- Cover of the Northern Songs sheet music (licensed to Sonora Musikförlag)

Song by the Beatles

from the album Revolver
- Released: 5 August 1966
- Recorded: 8–9 June 1966
- Studio: EMI, London
- Genre: Pop; pop rock; psychedelia; music hall;
- Length: 2:09
- Label: Parlophone
- Songwriter: Lennon–McCartney
- Producer: George Martin

= Good Day Sunshine =

"Good Day Sunshine" is a song by the English rock band the Beatles from their 1966 album Revolver. It was written mainly by Paul McCartney and credited to the Lennon–McCartney partnership. McCartney intended it as a song in the style of the Lovin' Spoonful's contemporaneous hit single "Daydream". The recording includes multiple pianos played in the barrelhouse style and evokes a vaudevillian mood.

The composition contains key changes and metric anomalies, and closes with voices chanting the song title. Together with its lyrics celebrating romantic love and sunshine, the recording contrasts with the more austere and experimental aesthetic of Revolver. Among music critics, some writers have welcomed the song's lightheartedness while others view it as a track that dilutes the album's strengths.

"Good Day Sunshine" has been covered by the Tremeloes, Claudine Longet and Robbie Williams. McCartney re-recorded the song for his 1984 film Give My Regards to Broad Street and has regularly performed it in concert. The song was used as the wake-up music on the Space Shuttle mission STS-135. In November 2005, McCartney played it live to the crew of the International Space Station as part of a concert link-up to the space station.
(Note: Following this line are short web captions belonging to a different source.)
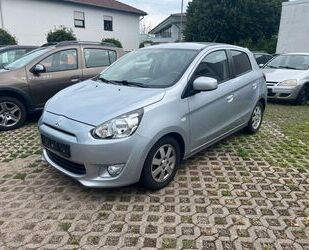 Mitsubishi Space Star Gebrauchtwagen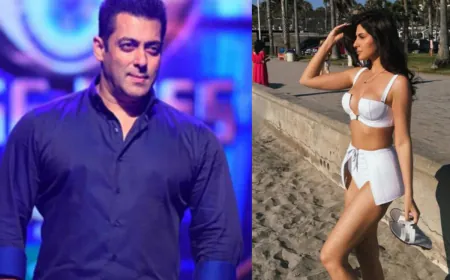 सलमान खान को बताया "3AM फ्रेंड", एक्ट्रेस एल्नाज नोरौजी ने खोले रिश्ते के राज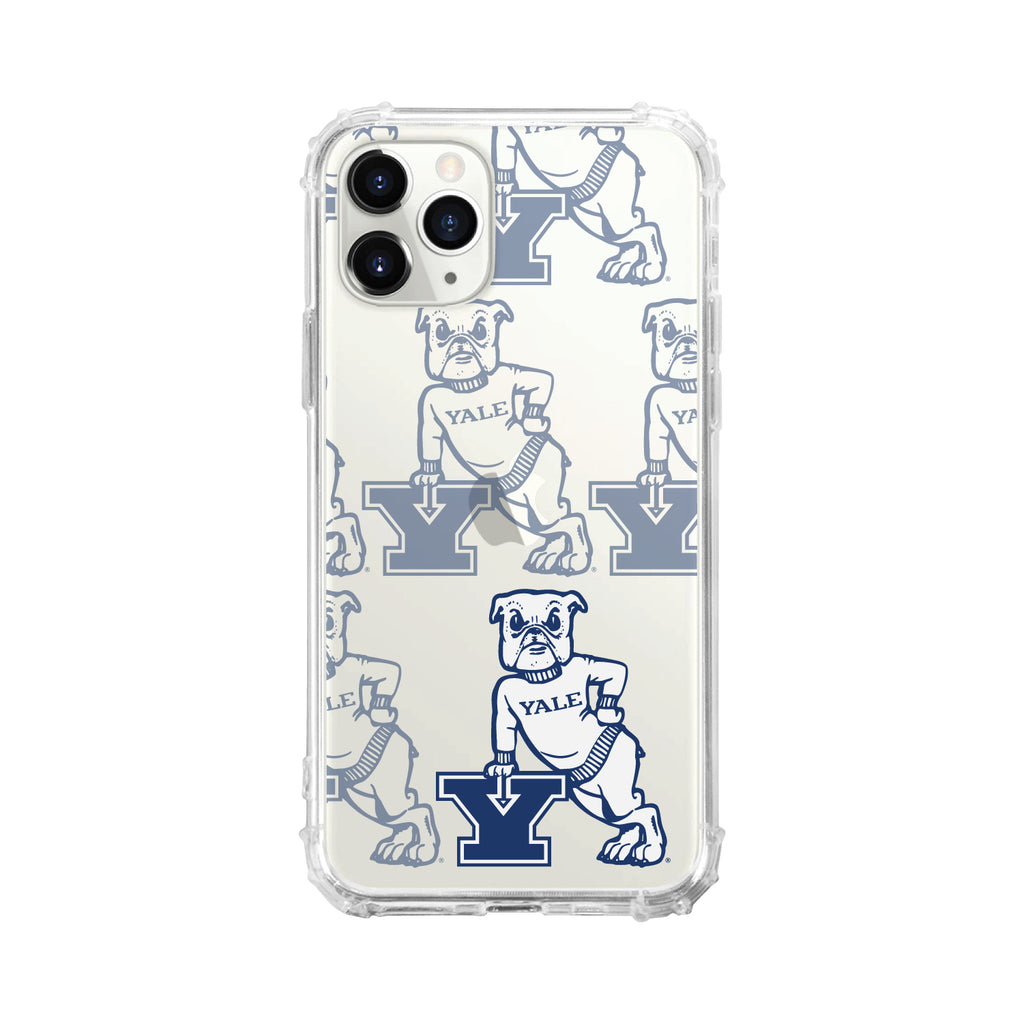 iPhone Case Yale University | OTM Essentials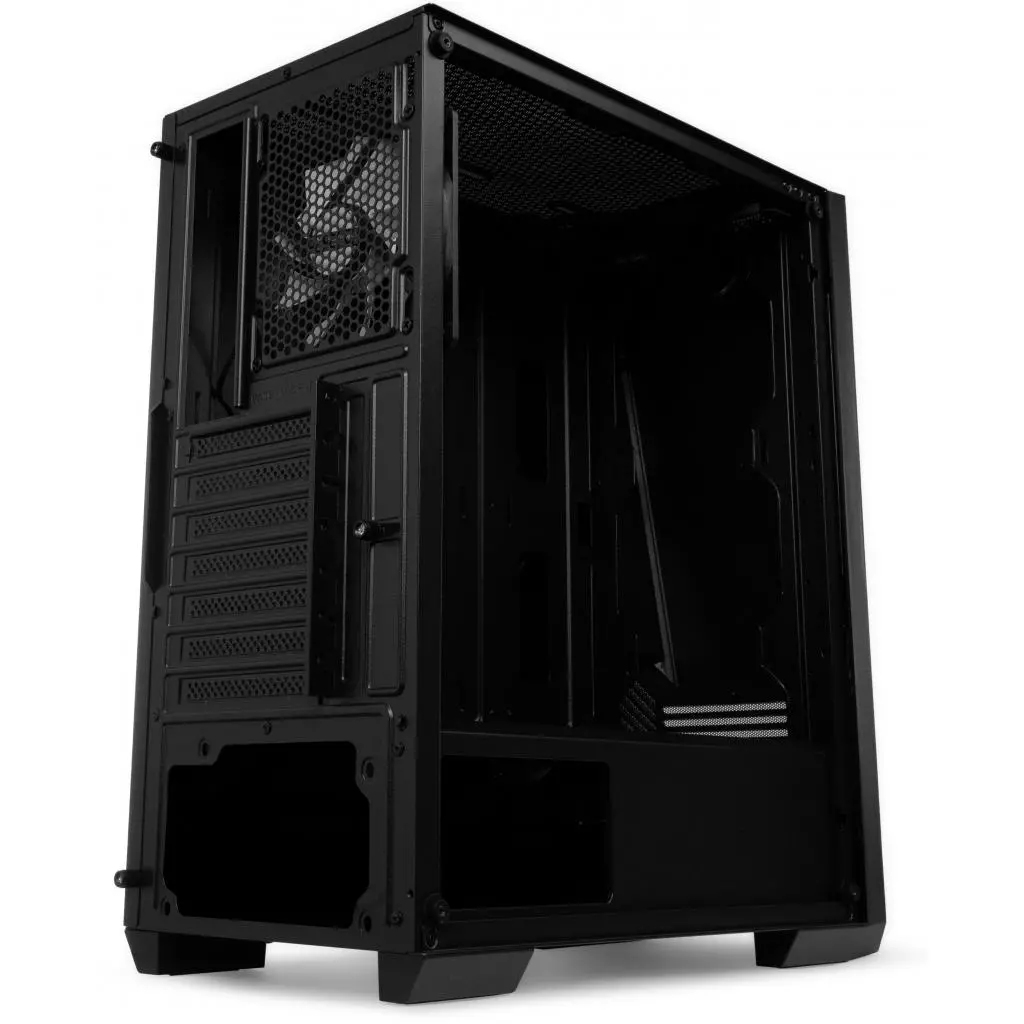 Корпус Vinga Fobos - 7 Корпус Vinga Fobos - 7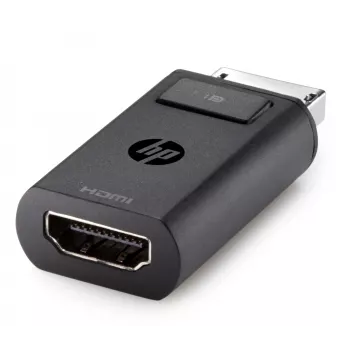 HP DisplayPort–HDMI 1.4 adapteris F3W43AA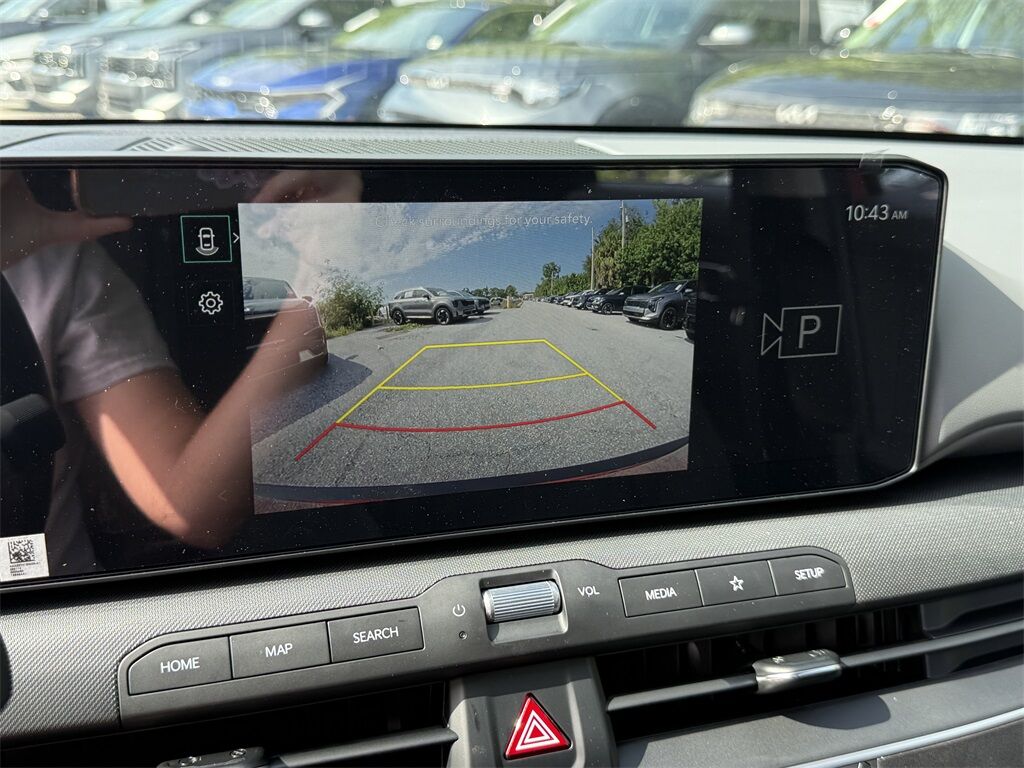 2025 Kia K4 LXS San Clemente CA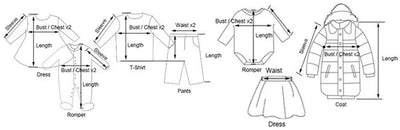 Cute Rabbit Ears Hooded Baby Rompers/Jumpsuit  Costume |Infant Baby Outfits Boys Girls  Newborn Clothing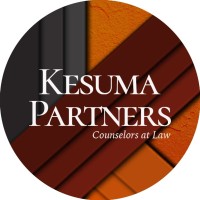 Kesuma Partners logo, Kesuma Partners contact details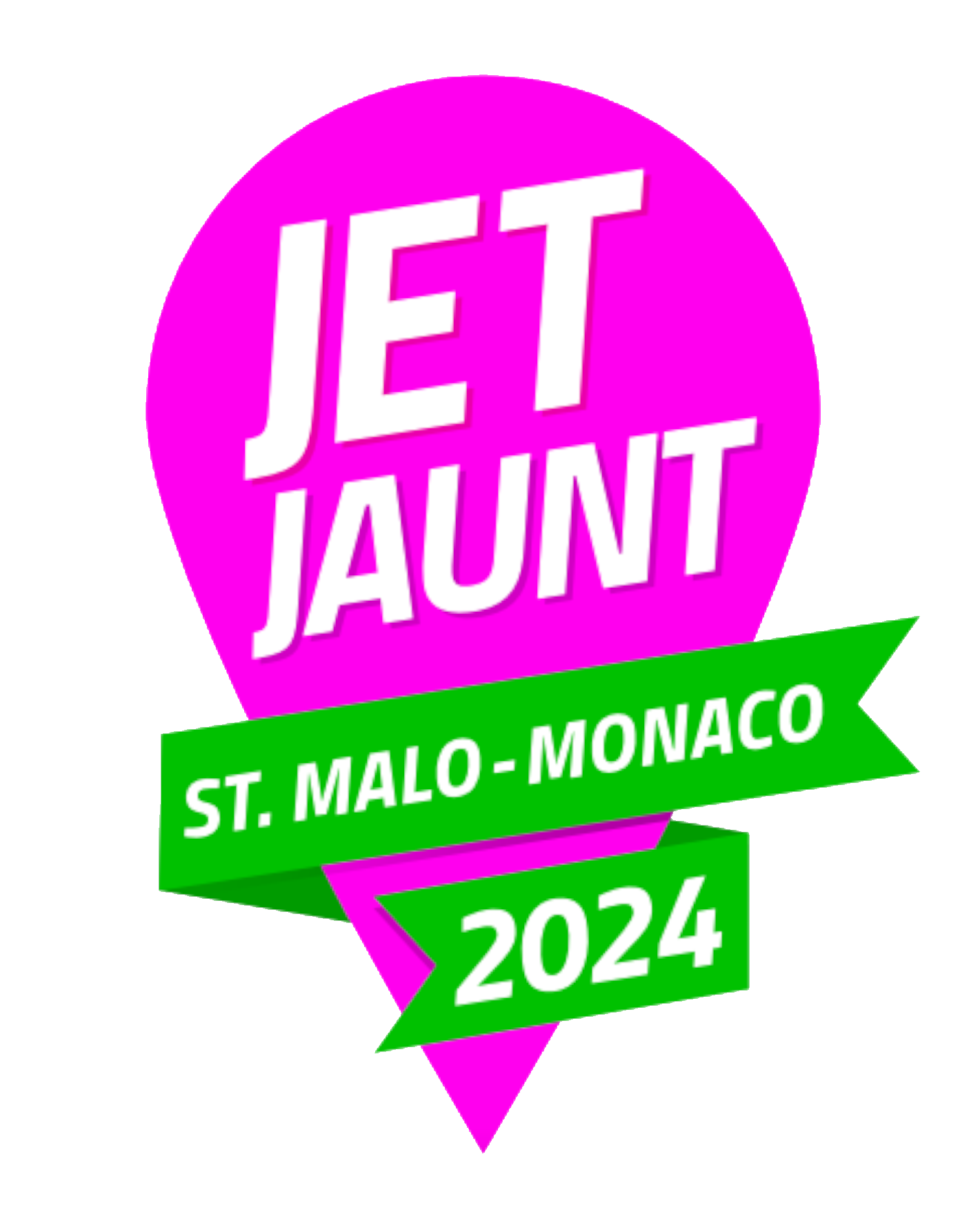 JET Jaunt Logo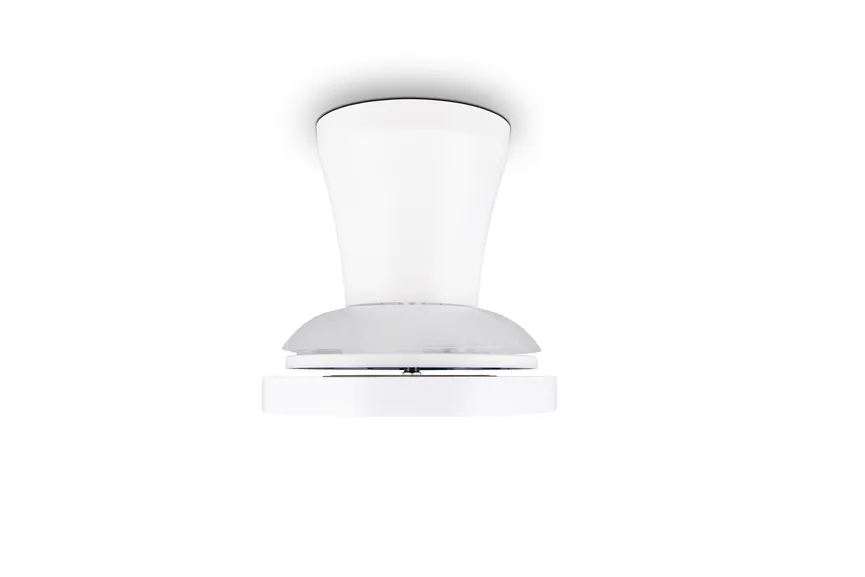 Ventilator "Moss" detail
==Background and inspiration==
Paul McCartney wrote "Good Day Sunshine" at Kenwood, John Lennon's house in Surrey. Drawing inspiration from the sunny day, McCartney composed the melody on Lennon's piano. He later said that Lennon helped write the song, but "it was basically mine." Lennon recalled that the song was McCartney's and that he perhaps "threw in a line or something".

McCartney said that he was influenced by the Lovin' Spoonful's hit single "Daydream" and was trying to write a song in that vein. Lennon and George Harrison had attended the Lovin' Spoonful's concert at the Marquee in London in April 1966; the Beatles and members of the Rolling Stones soon lauded them as the "hot new group". Author Steve Turner writes that the Kinks' "Sunny Afternoon" could have been another source of inspiration for McCartney.

==Composition==
The song uses the keys of A major and D major. Following a four-bar introduction, it opens with the chorus. Thereafter, the structure comprises three rounds of verse and chorus, in the second of which the verse section contains an instrumental passage; the song ends with a repetition of the chorus, followed by a fadeout coda. Musicologist Alan Pollack likens the musical form to that of a folk ballad with a pop element made explicit through the intro, instrumental passage and coda.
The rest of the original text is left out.